Most of the time, that additional expense doesn’t really add anything to the function of those items. It doesn’t buy warmer clothes – it just buys flashier clothes. It doesn’t buy a house that does any better at keeping you warm or keeping you dry. The car you already have gets you from point A to point B; the extra expense is mostly just flashiness.

When it comes to your major expenses, focus on substance instead of style. What do you need your home to do for you? What do you need your car to do for you? What does this more expensive option really add to that? Is that difference worth the expense?

When you stick with substance over style, you always have what you need. When you choose style over substance, you often find yourself without that stable foundation.

Strategy 9: Build Friendships With People That Have Similar (or Lesser) Budgets and Philosophies

When you hang out with people, what do they talk about? What are they proud of?

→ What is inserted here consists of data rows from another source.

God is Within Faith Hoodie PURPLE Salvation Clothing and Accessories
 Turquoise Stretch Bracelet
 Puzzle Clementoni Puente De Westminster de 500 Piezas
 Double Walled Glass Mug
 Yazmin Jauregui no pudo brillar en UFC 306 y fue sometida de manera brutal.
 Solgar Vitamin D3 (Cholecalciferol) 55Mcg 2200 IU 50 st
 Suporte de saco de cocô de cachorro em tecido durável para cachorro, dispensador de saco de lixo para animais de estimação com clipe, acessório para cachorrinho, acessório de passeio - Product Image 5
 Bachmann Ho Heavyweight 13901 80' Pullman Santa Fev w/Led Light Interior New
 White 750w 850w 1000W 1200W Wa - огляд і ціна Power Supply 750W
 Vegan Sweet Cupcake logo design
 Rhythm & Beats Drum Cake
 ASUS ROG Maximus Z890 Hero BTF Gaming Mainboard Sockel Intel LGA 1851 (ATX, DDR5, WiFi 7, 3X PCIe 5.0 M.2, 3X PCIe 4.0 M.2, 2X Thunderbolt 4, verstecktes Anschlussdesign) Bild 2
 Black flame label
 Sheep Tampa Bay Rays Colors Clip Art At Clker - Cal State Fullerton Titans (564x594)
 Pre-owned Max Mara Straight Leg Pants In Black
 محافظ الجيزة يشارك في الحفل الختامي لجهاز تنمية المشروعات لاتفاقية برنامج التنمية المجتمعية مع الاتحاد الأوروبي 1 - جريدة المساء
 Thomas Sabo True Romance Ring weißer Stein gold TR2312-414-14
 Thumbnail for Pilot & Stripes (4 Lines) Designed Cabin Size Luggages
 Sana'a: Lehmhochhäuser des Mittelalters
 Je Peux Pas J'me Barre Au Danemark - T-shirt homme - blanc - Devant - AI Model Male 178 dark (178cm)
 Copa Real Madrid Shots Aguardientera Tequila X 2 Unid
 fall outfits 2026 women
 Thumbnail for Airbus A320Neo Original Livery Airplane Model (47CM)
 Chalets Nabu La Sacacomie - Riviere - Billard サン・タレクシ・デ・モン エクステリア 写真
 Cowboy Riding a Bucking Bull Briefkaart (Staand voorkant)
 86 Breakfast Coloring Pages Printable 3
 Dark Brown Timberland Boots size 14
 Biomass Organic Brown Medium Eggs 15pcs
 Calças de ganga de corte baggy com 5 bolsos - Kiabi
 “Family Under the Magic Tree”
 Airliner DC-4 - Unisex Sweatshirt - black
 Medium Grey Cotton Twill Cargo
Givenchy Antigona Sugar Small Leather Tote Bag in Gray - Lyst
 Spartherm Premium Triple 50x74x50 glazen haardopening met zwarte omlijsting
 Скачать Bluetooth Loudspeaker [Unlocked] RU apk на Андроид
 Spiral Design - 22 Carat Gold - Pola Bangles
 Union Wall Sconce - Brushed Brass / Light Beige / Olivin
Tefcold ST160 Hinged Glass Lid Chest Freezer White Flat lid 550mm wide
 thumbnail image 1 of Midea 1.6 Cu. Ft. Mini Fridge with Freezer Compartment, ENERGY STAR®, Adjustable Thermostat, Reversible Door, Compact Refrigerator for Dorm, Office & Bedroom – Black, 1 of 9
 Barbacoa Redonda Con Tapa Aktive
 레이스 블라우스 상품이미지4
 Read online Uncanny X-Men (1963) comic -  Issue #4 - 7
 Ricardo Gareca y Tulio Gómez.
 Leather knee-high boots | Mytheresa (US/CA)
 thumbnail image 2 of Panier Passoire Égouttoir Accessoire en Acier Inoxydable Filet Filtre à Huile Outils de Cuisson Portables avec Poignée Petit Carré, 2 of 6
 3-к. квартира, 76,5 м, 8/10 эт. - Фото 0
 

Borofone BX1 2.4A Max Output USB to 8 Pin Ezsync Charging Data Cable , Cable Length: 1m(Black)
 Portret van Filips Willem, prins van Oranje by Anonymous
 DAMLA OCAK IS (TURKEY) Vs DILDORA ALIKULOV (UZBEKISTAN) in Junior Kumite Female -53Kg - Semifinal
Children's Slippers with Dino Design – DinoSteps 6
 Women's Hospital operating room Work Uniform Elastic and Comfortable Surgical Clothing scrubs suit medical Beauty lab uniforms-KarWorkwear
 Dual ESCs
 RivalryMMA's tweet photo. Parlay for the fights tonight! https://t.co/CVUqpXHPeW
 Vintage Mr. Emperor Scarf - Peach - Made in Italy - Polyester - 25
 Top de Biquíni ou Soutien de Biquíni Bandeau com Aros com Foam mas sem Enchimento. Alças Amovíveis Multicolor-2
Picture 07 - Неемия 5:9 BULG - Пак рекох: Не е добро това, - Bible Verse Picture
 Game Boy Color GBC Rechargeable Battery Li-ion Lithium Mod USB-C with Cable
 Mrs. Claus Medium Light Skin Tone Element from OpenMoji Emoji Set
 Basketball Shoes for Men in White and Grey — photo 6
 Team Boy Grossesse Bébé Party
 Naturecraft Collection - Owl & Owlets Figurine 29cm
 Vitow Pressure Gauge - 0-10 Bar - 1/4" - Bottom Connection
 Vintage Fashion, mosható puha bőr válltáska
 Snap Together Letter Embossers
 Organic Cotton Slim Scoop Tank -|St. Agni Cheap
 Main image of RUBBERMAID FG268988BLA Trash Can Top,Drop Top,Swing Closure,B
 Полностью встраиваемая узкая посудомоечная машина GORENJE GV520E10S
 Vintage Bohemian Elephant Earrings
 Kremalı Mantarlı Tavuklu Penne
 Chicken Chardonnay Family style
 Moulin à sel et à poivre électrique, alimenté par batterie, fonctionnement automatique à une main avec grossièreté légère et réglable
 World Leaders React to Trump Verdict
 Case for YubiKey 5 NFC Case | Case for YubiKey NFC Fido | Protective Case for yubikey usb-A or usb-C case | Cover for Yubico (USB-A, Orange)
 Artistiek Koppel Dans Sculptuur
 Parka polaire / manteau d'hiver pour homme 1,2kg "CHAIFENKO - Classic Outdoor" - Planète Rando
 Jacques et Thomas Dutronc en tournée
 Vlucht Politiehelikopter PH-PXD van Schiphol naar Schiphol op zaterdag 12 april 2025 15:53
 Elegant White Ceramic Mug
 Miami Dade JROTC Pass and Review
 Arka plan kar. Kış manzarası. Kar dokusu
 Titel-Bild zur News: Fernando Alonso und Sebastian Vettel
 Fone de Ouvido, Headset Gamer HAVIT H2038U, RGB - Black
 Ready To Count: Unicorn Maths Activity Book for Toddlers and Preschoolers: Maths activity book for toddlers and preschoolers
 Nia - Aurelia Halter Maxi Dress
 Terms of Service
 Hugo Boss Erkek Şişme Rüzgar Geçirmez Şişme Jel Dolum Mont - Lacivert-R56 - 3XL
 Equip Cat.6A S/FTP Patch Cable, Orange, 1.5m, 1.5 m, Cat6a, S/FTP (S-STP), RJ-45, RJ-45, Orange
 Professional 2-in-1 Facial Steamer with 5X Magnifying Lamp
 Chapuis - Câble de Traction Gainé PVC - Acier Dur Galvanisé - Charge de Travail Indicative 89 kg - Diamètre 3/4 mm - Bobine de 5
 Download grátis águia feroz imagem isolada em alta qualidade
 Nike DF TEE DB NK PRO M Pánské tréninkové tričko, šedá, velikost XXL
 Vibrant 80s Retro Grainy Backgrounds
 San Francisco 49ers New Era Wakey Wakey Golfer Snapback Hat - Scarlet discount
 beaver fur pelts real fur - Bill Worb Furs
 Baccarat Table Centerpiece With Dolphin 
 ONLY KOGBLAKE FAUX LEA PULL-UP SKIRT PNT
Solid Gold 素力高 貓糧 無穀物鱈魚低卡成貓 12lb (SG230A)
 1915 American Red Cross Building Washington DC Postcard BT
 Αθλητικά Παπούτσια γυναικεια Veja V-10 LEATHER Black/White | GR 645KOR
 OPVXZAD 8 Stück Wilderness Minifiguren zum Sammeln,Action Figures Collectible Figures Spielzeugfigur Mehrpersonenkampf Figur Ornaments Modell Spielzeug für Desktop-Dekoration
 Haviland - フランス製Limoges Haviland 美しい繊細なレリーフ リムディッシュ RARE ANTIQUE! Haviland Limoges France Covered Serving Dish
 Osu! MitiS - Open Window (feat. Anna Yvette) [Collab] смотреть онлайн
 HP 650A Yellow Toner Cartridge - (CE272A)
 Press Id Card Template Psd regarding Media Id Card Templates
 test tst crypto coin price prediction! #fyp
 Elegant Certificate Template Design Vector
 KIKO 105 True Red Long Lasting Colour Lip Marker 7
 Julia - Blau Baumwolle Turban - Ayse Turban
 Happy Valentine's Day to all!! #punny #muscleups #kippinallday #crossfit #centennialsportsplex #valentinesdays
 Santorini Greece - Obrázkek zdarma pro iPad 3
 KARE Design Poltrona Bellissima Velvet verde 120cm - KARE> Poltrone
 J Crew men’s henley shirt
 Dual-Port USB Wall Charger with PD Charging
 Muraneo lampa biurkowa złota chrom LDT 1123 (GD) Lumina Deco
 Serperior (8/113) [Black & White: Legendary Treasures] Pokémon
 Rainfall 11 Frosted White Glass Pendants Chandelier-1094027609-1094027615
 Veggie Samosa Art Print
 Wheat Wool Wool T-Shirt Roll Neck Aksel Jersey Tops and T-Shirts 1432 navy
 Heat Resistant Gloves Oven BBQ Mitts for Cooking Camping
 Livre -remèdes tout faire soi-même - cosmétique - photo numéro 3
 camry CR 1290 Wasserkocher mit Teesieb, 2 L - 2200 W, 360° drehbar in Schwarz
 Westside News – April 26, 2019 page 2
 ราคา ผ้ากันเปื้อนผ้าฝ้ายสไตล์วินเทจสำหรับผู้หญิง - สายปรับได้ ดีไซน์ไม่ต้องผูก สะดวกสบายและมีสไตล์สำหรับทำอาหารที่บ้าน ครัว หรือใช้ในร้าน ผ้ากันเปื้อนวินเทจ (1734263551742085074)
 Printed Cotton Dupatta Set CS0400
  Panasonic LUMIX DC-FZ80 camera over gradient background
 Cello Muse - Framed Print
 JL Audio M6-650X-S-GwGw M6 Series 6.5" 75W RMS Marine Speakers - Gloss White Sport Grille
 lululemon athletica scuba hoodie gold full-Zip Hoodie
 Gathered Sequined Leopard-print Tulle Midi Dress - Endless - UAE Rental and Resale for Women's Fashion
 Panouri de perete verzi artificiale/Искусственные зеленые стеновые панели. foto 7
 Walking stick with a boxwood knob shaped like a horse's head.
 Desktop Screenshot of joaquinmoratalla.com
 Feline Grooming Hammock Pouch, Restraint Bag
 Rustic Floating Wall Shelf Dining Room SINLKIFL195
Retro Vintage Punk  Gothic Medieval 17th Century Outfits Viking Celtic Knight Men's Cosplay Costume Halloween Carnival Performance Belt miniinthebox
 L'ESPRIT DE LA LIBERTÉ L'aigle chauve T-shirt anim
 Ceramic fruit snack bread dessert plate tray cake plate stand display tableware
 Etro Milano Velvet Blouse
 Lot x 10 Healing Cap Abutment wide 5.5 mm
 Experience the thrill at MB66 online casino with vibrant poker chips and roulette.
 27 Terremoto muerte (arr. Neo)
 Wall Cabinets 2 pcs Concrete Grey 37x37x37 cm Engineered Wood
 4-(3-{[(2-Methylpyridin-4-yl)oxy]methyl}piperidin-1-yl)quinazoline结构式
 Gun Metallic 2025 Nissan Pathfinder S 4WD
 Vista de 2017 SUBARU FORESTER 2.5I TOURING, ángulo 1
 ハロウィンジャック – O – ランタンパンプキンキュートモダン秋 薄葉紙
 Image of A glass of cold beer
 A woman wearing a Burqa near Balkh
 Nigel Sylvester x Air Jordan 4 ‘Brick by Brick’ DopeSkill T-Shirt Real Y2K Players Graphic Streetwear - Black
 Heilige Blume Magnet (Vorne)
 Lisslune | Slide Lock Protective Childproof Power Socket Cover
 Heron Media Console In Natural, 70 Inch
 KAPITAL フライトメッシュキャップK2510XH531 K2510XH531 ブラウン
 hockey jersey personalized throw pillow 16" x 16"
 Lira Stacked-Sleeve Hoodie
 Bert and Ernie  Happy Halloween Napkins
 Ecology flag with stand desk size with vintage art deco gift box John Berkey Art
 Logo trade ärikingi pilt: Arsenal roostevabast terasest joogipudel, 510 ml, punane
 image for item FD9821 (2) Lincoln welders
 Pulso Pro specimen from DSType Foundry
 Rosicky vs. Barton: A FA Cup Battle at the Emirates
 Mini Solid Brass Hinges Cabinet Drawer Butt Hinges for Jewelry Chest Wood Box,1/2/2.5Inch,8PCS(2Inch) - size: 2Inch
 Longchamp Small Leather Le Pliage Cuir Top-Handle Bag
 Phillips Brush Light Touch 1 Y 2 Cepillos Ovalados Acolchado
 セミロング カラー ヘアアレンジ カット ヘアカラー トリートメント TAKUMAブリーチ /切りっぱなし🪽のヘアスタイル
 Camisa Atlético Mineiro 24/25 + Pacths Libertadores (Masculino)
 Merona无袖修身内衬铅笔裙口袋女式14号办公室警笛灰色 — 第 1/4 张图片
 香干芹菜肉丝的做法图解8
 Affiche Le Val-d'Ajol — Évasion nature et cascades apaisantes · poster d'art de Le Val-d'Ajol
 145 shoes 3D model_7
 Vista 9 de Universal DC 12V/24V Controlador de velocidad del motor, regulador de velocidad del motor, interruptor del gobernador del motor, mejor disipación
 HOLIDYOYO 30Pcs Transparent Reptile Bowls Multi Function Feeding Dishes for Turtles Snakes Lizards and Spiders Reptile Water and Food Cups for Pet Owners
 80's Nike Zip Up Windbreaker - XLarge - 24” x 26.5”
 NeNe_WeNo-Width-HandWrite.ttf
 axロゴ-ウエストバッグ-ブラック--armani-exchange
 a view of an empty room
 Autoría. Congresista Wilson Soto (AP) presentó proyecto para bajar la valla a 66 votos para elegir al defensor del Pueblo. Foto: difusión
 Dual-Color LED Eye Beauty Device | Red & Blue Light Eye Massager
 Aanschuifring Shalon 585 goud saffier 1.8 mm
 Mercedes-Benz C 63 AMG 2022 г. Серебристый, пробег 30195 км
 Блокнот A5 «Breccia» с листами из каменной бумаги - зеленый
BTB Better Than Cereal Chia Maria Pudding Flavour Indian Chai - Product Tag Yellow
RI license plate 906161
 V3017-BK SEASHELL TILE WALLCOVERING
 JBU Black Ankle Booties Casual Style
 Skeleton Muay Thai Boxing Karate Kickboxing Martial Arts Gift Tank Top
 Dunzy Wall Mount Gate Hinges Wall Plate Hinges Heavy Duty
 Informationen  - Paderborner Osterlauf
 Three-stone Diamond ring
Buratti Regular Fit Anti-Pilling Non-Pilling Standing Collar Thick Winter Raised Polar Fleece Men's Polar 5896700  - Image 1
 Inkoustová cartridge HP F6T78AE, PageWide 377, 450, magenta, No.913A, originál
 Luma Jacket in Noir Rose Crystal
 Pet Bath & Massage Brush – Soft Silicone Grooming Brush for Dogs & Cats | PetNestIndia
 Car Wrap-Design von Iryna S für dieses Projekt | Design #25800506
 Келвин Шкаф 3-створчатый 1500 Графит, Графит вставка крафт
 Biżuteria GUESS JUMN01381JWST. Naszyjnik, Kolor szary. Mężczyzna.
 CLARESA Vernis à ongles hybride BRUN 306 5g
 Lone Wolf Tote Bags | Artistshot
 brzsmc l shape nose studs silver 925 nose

Do they talk about the new stuff they covet? The hot new restaurant they visited? The expensive new thing they now own?

Or do they talk about their life goals? Do they talk about events and activities that don’t require purchases? Do they talk about philosophy and ideas? Do they talk about staying within their budget and their financial choices that gear toward savings?

One group of friends is going to push you toward lifestyle inflation. The other will naturally push you away from it.

I’ve had circles of friends of both types. When I hung out with the first circle, we were in the worst throes of lifestyle inflation. Today, our circle of friends is much like the second example and our lifestyle has deflated, if anything.

Having trouble cultivating more down-to-earth friends? Look for activities in the community that might attract such people in a social way. Check out book clubs that are hosted by your library or spend time at volunteer activities in your community.

Strategy 10: “Test Drive” Lifestyle Upgrades (and See If They Bring Lasting Joy)

Even after all of these steps, you might be convinced that certain lifestyle upgrades are still the right thing for you. If that’s the case, try taking baby steps instead of giant leaps.

One method of doing this is to look at all of the things that you might be buying or replacing over the next year or so. Across all of those purchases, think about the one or two features that you wouldn’t ordinarily buy that might really matter to you. For example, you might decide that of all of the things you can upgrade in your life, a bigger data plan might provide the biggest impact. Then, just upgrade that one thing and hold back on the others.

This borrows from the Pareto principle mentioned earlier. 20% of the upgrades you pay for will bring you 80% of the value. So, spend some time trying to figure out what that 20% is.

Another method – one that works well if you’re already budgeting – is to “pretend” you have a fatter bill for a while. For example, imagine you’re thinking about moving to a bigger apartment or even renting a house. Your current rent is $500 a month, but the place you’re eyeing is in the $900 a month range. Spend a few months trying out what it’s like to have a $900 a month rent by paying your $500 a month in rent and then putting the other $400 into a savings account and not touching it. If you can get by just fine with that higher rent, make the move. (Plus, you’ll have a thousand or two in savings at that point.)

A third tactic for trying out lifestyle upgrades is to simply comparison shop. Sometimes, by comparison shopping, you can find an opportunity for a lifestyle upgrade but find that it doesn’t cost any more than you already have. For example, a friend of mine recently switched cellular providers, which enabled him to get a better smart phone and a larger data plan for the same price he was already paying.

Final Thoughts

Lifestyle inflation is a sure way to prevent yourself from reaching your financial goals, whatever they may be. If you have big dreams for the future, yet you take your raises and you spend all of that money on short-term pleasures, what you’ll find is that those short term pleasures will almost entirely fade away but you won’t have that long-term goal either.

Being aware of lifestyle inflation is just the first step. Take actions to keep lifestyle inflation from damaging the big dreams you have for the future. You’ll be glad you did.